Sunday, August 19, 2007

We Can't Have Anything Nice

I am a Spongebob fanatic. I guess “fanatic” is a bit of an overstatement, since I don’t have antannae, satellite, cable, or any other means to capture the signal that would allow me to watch the actual television cartoon, and since I haven’t even seen the movie.

In a brilliant stroke of foreshadowing, my grandmother, Elsa, told me the story of how she came to collect miniature statues of mice the first time I ever visited her home in Hawa’ii. It seems that one of her children brought her a miniature mouse statue home once, and someone got it in their mind that she liked little statues of mice.
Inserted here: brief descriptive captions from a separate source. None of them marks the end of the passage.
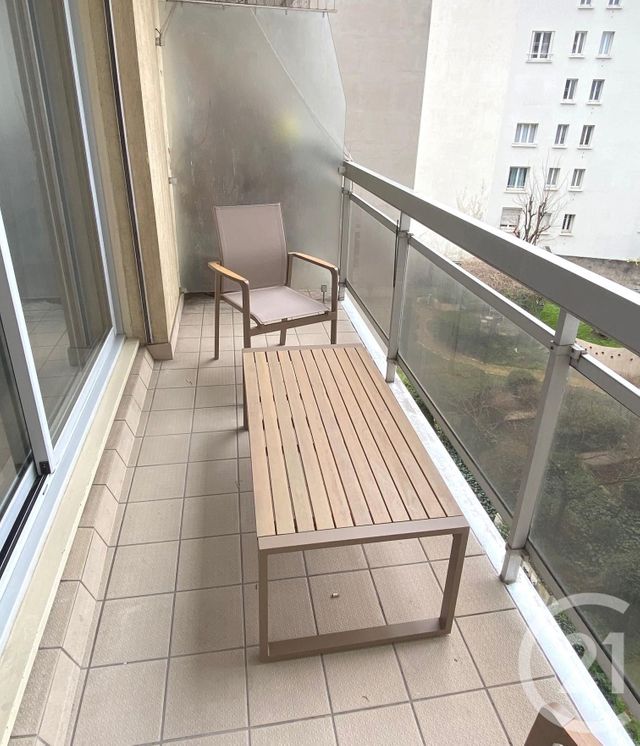 Appartement F1 &agrave; louer - 1 pi&egrave;ce - 32 m2 - Paris - 75017 - ILE-DE-FRANCE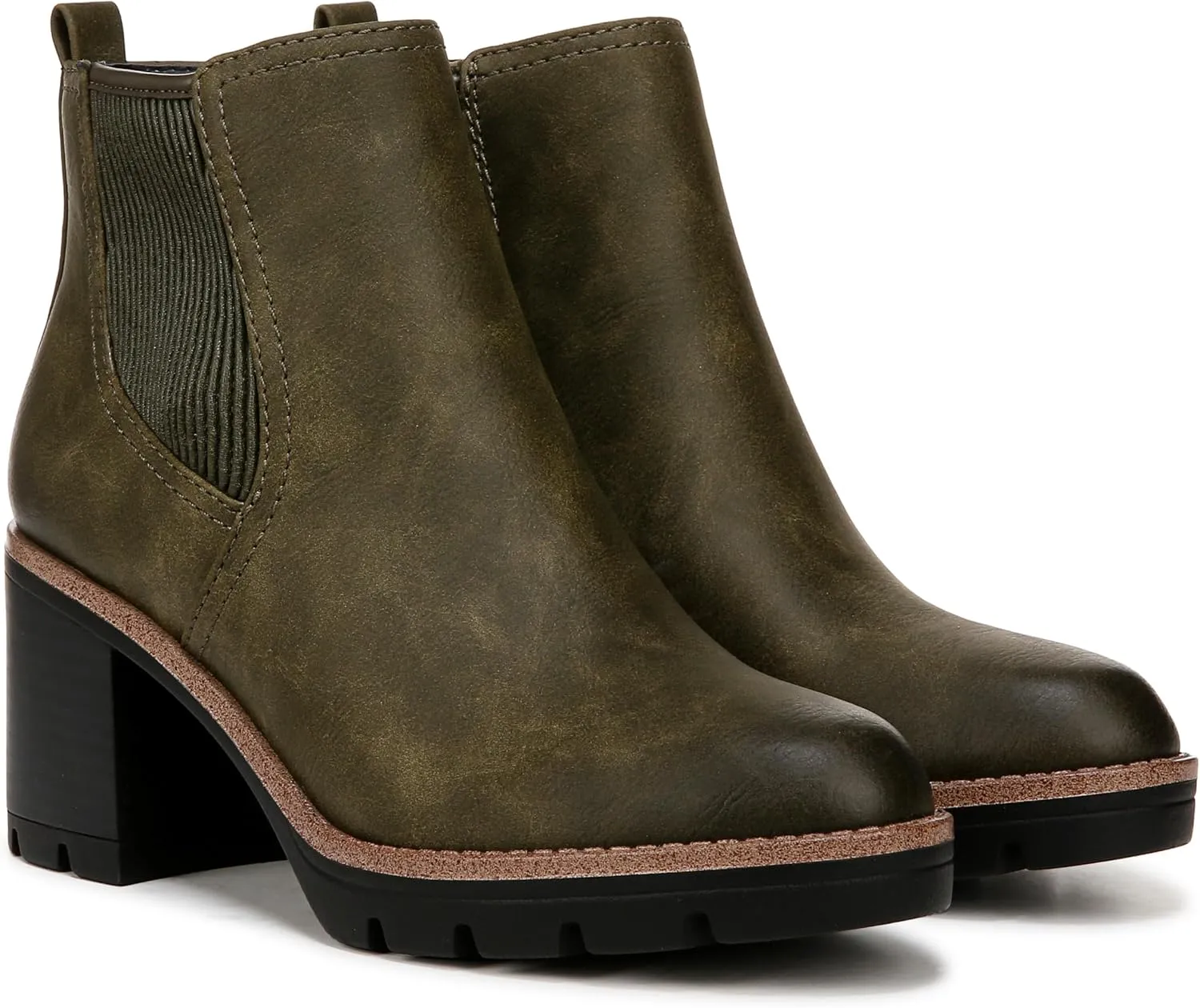 Naturalizer Women's, Madalynn Gore Boot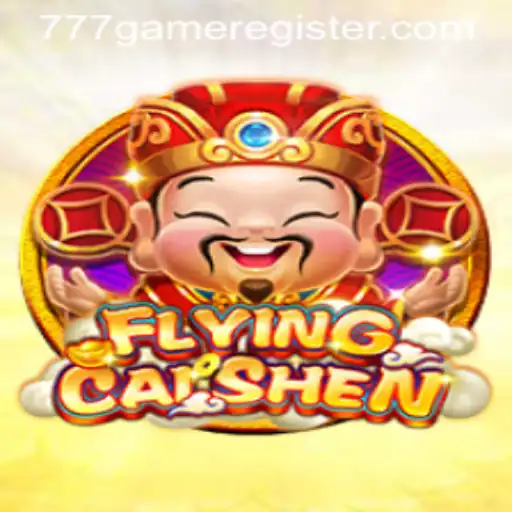 Discover the Excitement of FlyingCaiShen in the World of 777Game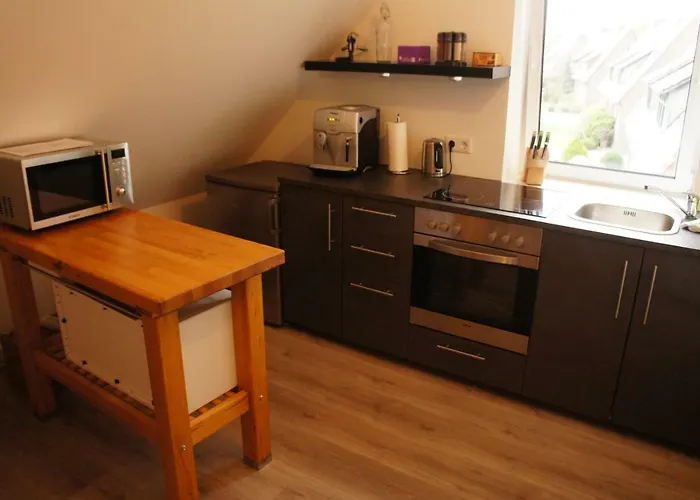 Dachstudio Bisping33 *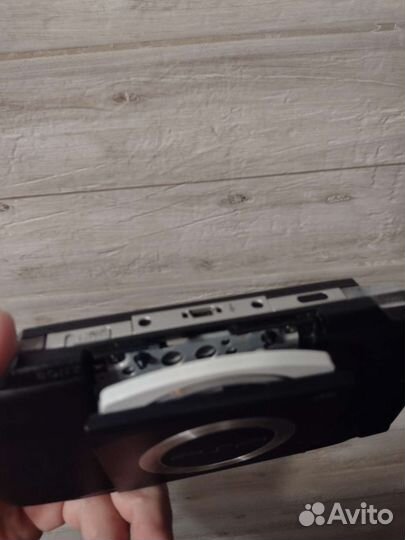 Sony PSP 3008 прошитая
So he or she (she either really couldn't remember or just didn't want to stigmatize the culprit) just kept giving them to her. And as these manias run in families, the misconception spread to others and the rest joined in on the gifting. Year after year, holiday after holiday, she was the beneficiary of some mistaken family myth about what she liked.

She, of course, did not tell the story thusly. She was very kind and loving and generous notwithstanding having received hundreds of statues of mice to dust through the course of her adulthood.

And of course, my Spongebob situation is not nearly as bleak or overwhelming as the decades-long accumulation of little mice. I like Spongebob. He is cerebral but goofy, willing to learn from his boneheaded mistakes and call others on theirs, generally good-natured and occasionally intense. Not that I can even begin to compare with the ceramic mouse collection, but I do have Spongebob underwear, t-shirts, slinkies, interchangeable dolls, notecubes (three of these, actually), address books, pool toys, towels, shower curtains, and the list goes on. . .

Having put all this thought into the why’s of my Spongebob affectation, you can imagine how horrified I was to come upon this in my living room this morning:


Until some time last week, I had a soft-sided Spongebob lunch pail. His body was the “pail” part, and he had these now disembodied and disemboweled plastic arms sticking off the side, and pants and legs stuck onto the bottom. I had contemplated using duct tape to perform cosmetic repairs and just have my Spongebob be the amputee Spongebob, but decided that others may not take it in the spirit it was intended.

The dogs choose the most random and unpredictable things to pick off of the high parts of the countertop and destroy. All I can say is that it’s a good thing I still have my “Charlie’s Angels” lunch pail or I would have been seriously ticked.

We just can’t have anything nice, now can we?!?!?

1 comment:

Anonymous said...

Oooo, the picture makes me sad for him. I like the idea of taping him back together. Seems I have seen a SBSP tv-cartoon with him in JUST that type of jam too. Ahhhh, life imitating art, imitating life... the age-old and endless cycle. Very avant-garde of the krewe. Give them some paint and a canvas and see what they come up with:) Budding artists, I tell ya! I've got a feeling about this. Good stuff. Ev.